On Sunday in San Antonio, Popovich had some more things to say about the state of the U.S. But this time, his words weren’t directed at the country more generally, but at his own players and the high school students they inspire.
“Win the championship? I don’t know, but it’s not a priority in my life. I’d be much happier if I knew that my players were going to make society better, who had good families and who took care of the people around them. I’d get more satisfaction out of that than a title.”
Popovich was speaking at the Carver Community Center in San Antonio. In the crowd was an audience made up of 250 students from a local high school, as well as many members of the local community and the Spurs organization, players included.
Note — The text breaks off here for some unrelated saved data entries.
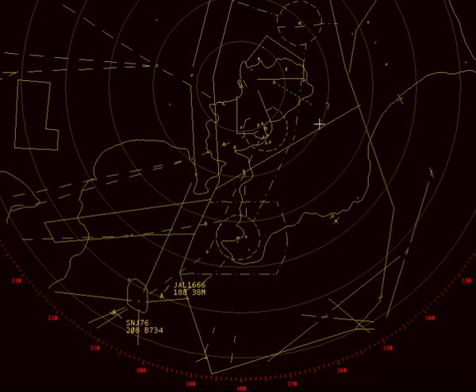Tokyo Approach, New Sky 76, leaving Flight Level 208, descending to Flight Level 160, information Oscar. New Sky 76, Tokyo Approach: depart Oshima, heading 080, Ovechita 2, final approach post, descend and maintain 10,000.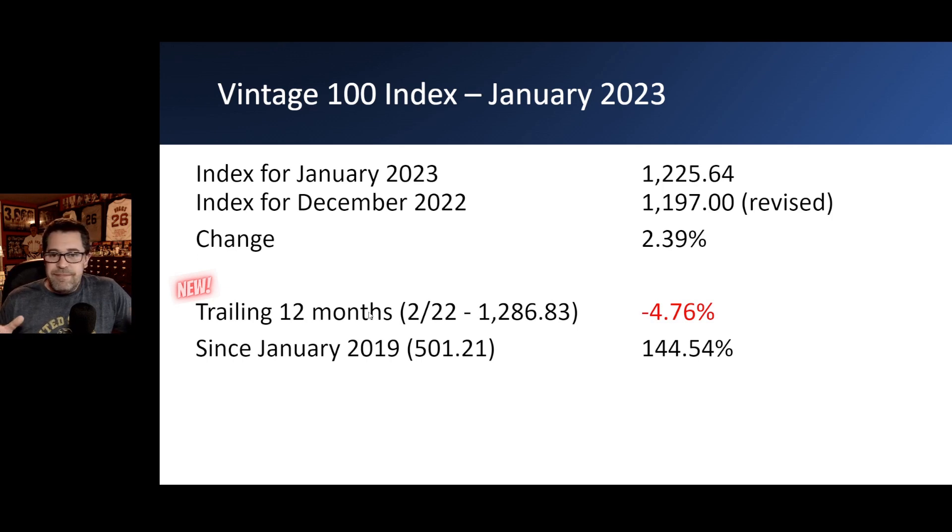I always like to take different looks at this data. Starting this month, rather than a year-to-date tally, I decided to do a trailing 12 months. So 12 months ago in February 2022, the index stood at 1,286.83, which is down about four and three-quarters percent from where the index is right now. Since January 2019 — the oldest data we have — the index was 501.21, an increase over this four-year span of 144.5%.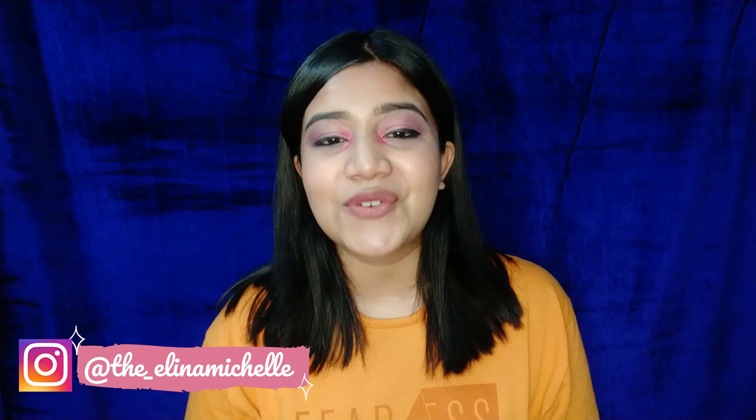Welcome back to my channel, this is Alina Michelle and welcome to the second Nykaa haul video. This will be the second part — if you haven't seen the first part, you can find it on the eye button. Before getting into the video, please like, subscribe, and share, and I would love to hear your suggestions in the comment box below.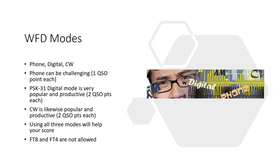RTTY is allowed and would be considered a digital mode. Really, it's all digital modes except FT8 and FT4. JS8 Call is allowed if you'd like to use that. PSK31 — which was the big thing about a decade ago — comes alive during Winter Field Day and is a very good way to make contacts at two points each. You don't have to use all three modes, but using all three will help your score.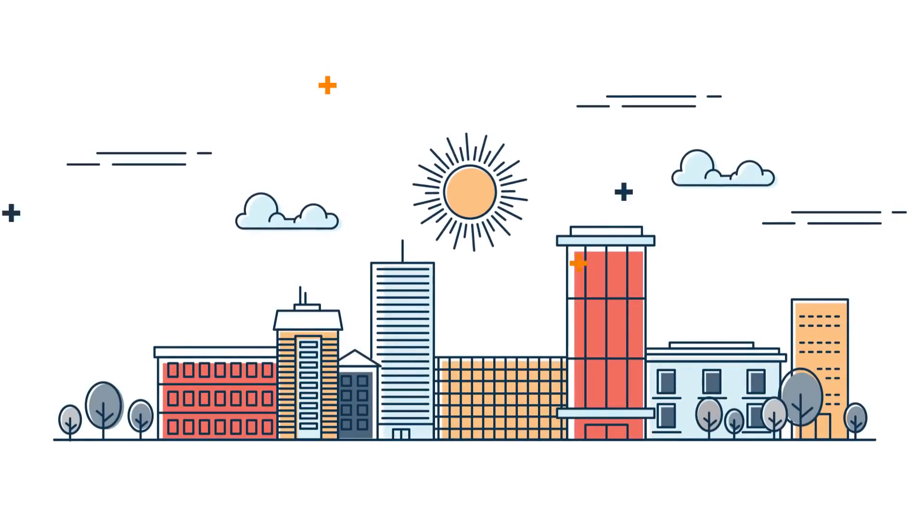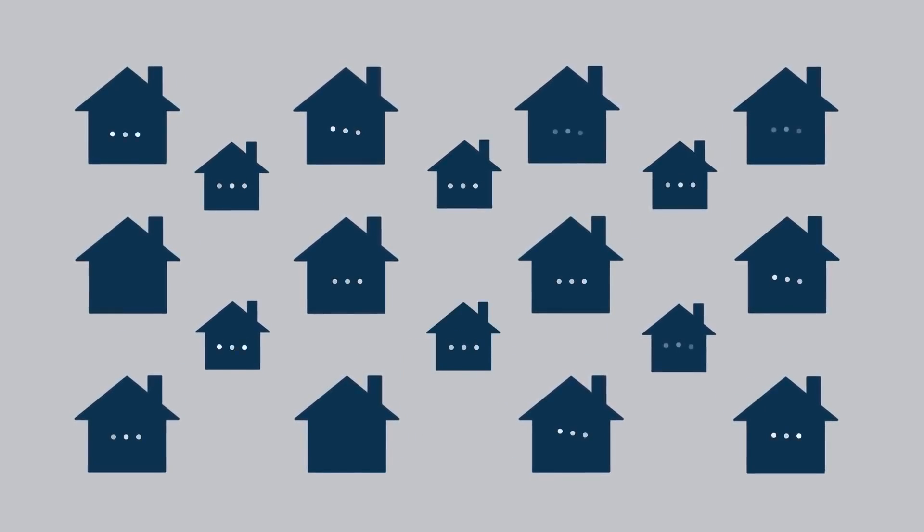Going to the office every day was once the norm. The global pandemic changed all of that, suddenly forcing companies to support thousands of employees working from home.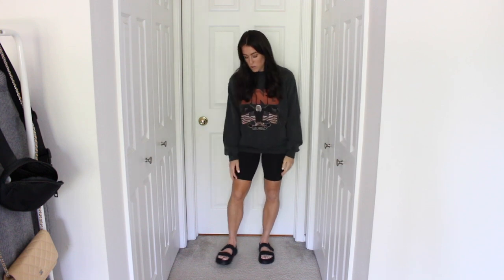So here is my Lululemon Align — this is the 8-inch inseam, which I like because it's a little bit on the longer side. The 6-inch would hit a bit shorter, and the 10-inch is way too long for me. I paired it with an oversized graphic sweatshirt — you can easily change that out for a t-shirt — and my favorite Mango quilted sandals. This is something I would wear every day. The Lululemon Align bike shorts are my absolute favorite.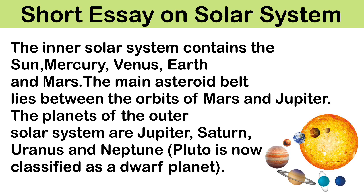The planets of the outer solar system are Jupiter, Saturn, Uranus and Neptune. Pluto is now classified as a dwarf planet.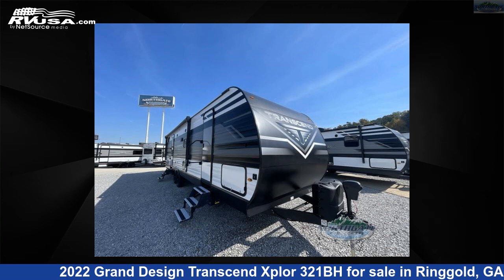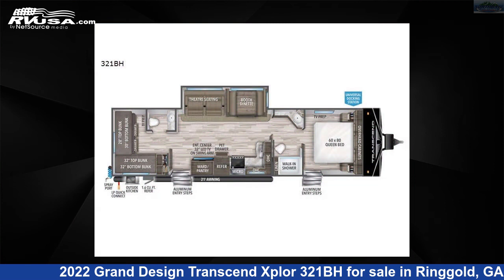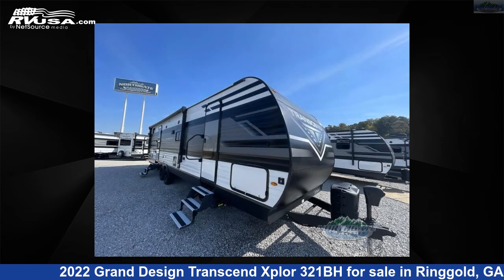This 2022 Grand Design Transcend Xplore 321BH is a travel trailer RV. It is located in Ringgold, Georgia 30736, and is offered for sale by Northgate RV Center.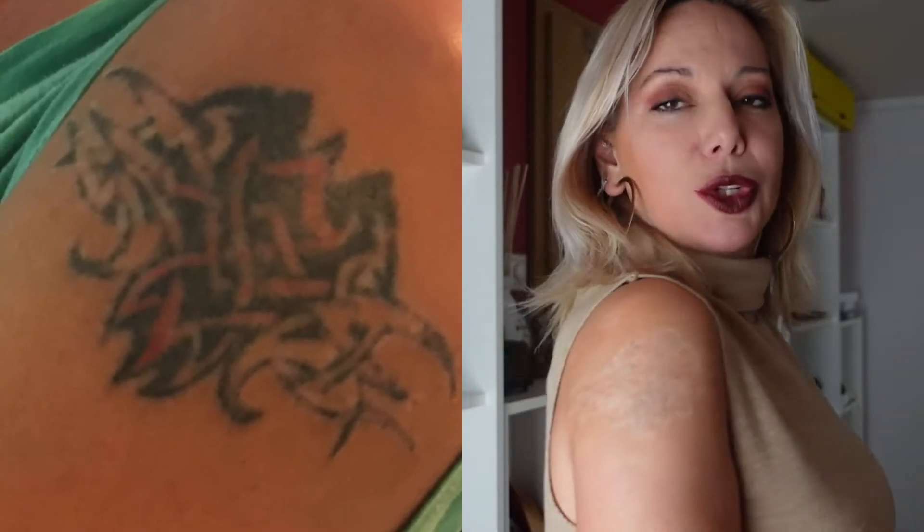Hi friends, this is just a quick tattoo laser removal update, so I will show you how it looks now. It's been about two months since my last session, and I'm thinking whether I should get another one or not, because you can see there are still some ink traces left. I'm going to wait another few weeks just to see if my body will be able to get rid of those on its own or if I need another session.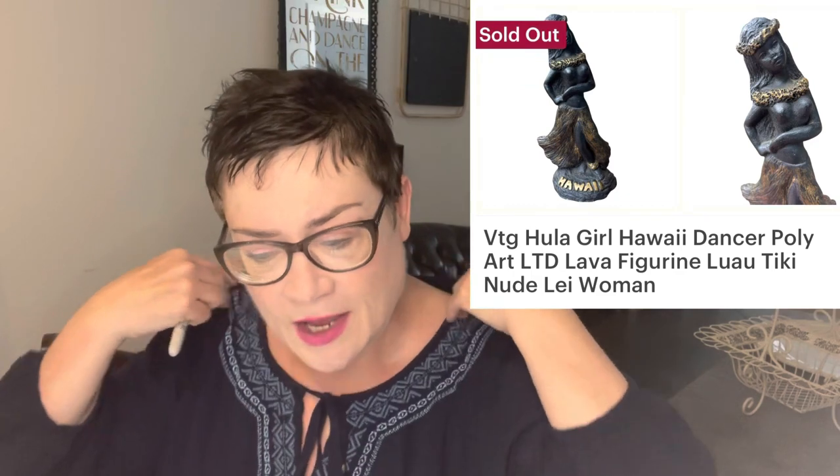Next, a pair of Adidas — the ZX 700. These were also free from my freebie alert app, so I got $34.99 for those. Next is something I love to pick up: vintage Hawaiiana — Hawaii items that are older. They're so much fun to collect and decorate with. This is a vintage hula girl and she sold very quickly on Etsy for $38.99. I think I paid just a couple of dollars for her.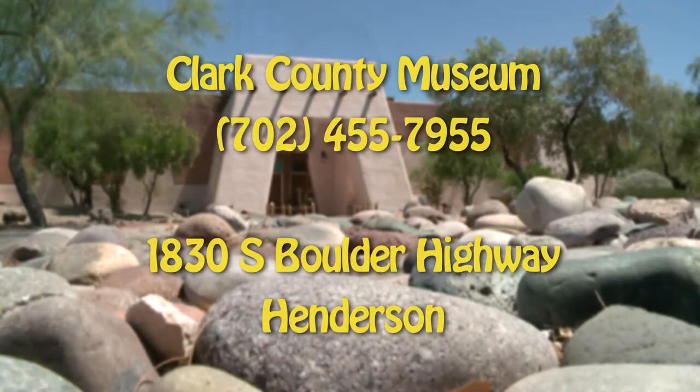Thank you for joining me today. If you want to come out and see the house yourself, you can join us at 1830 South Boulder Highway. We're open seven days a week, except for Christmas Day, New Year's Day, and Thanksgiving Day, and we're open from 9am to 4:30. Our admission is very reasonable at $1 for seniors and youth and $2 for adults. See you soon.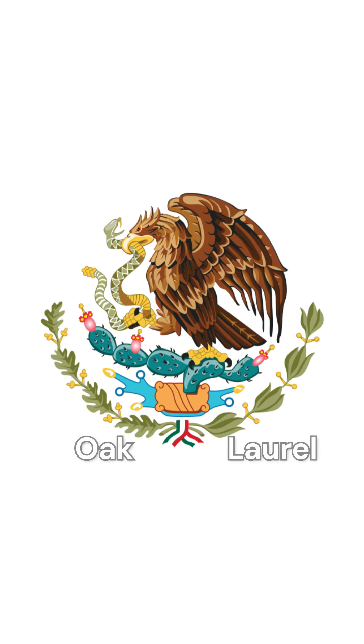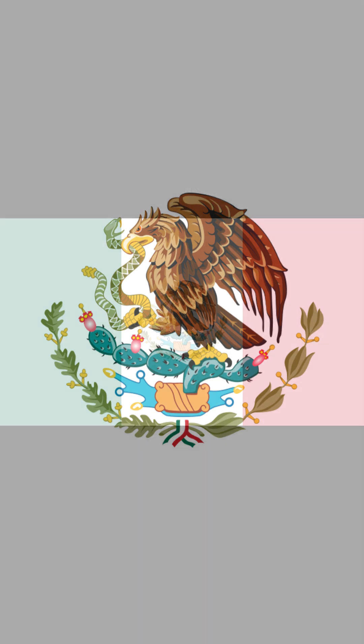Flanking the bottom of the ensemble are a wreath of oak and laurel branches, representing the values of strength, victory, and unity. Thank you for watching. Viva Mexico and good roads.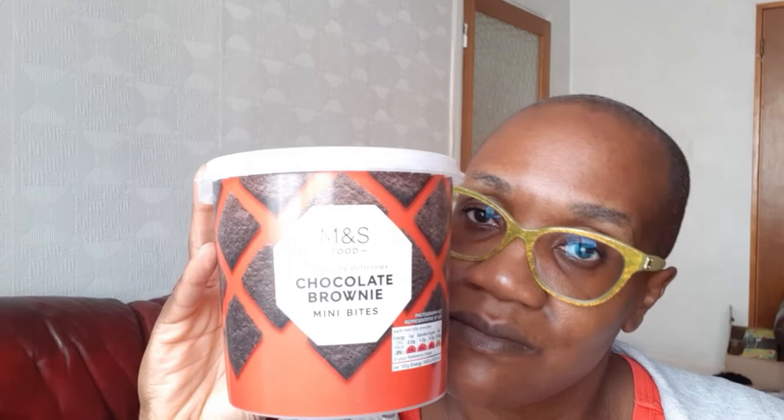Next up are the chocolate brownie mini bites. Now I have professed to the fact that I don't really like brownies that much, but I think this might change my mind because I ended up eating practically the whole tub of brownies over the weekend. They're really nice, quite moist, and just the perfect size. I did actually really like these.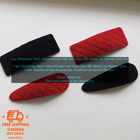The clips are made of high quality materials and construction. They're sturdy enough to hold your hair in place, but they're also gentle on your hair. You can wear them all day long without any discomfort.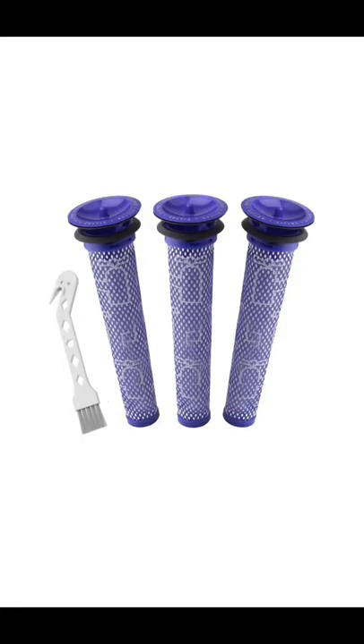First up are these Dyson replacement filters for my vacuum. This is a three-pack, and it is super affordable, so this is definitely a yes for me.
Onstage with him was Harvard professor Cornel West and discussion moderator Dave Zirin of The Nation.
Popovich and West took turns at the event taking questions from students in the crowd, but from them all, Popovich’s answer to one child’s question in particular stood out: Are the Spurs going to win the championship?
“Win the championship? I don’t know, but it’s not a priority in my life,” Popovich said. “I’d be much happier if I knew that my players were going to make society better, who had good families and who took care of the people around them. I’d get more satisfaction out of that than a title.”
Popovich then added, “I would love to win another championship, and we’ll work our butts off to try and do that. But we have to want more than success in our jobs. That’s why we’re here. We’re here so you’ll understand that you can overcome obstacles by being prepared and if you educate the hell out of yourself. If you become respectful, disciplined people in this world, you can fight anything. If you join with each other and you believe in yourself and each other, that’s what matters. That’s what we want to relay to you all: that we believe that about you or we wouldn’t be here.”
No one with any understanding of the NBA would ever doubt Popovich’s passion for the game of basketball. He is the gold standard among modern NBA coaches, owner of five championships and nineteen straight winning seasons.
But that he is so willing to say he would prefer his players be good people first and foremost says something even more about Popovich than any of his accolades. It says he is a good person, too.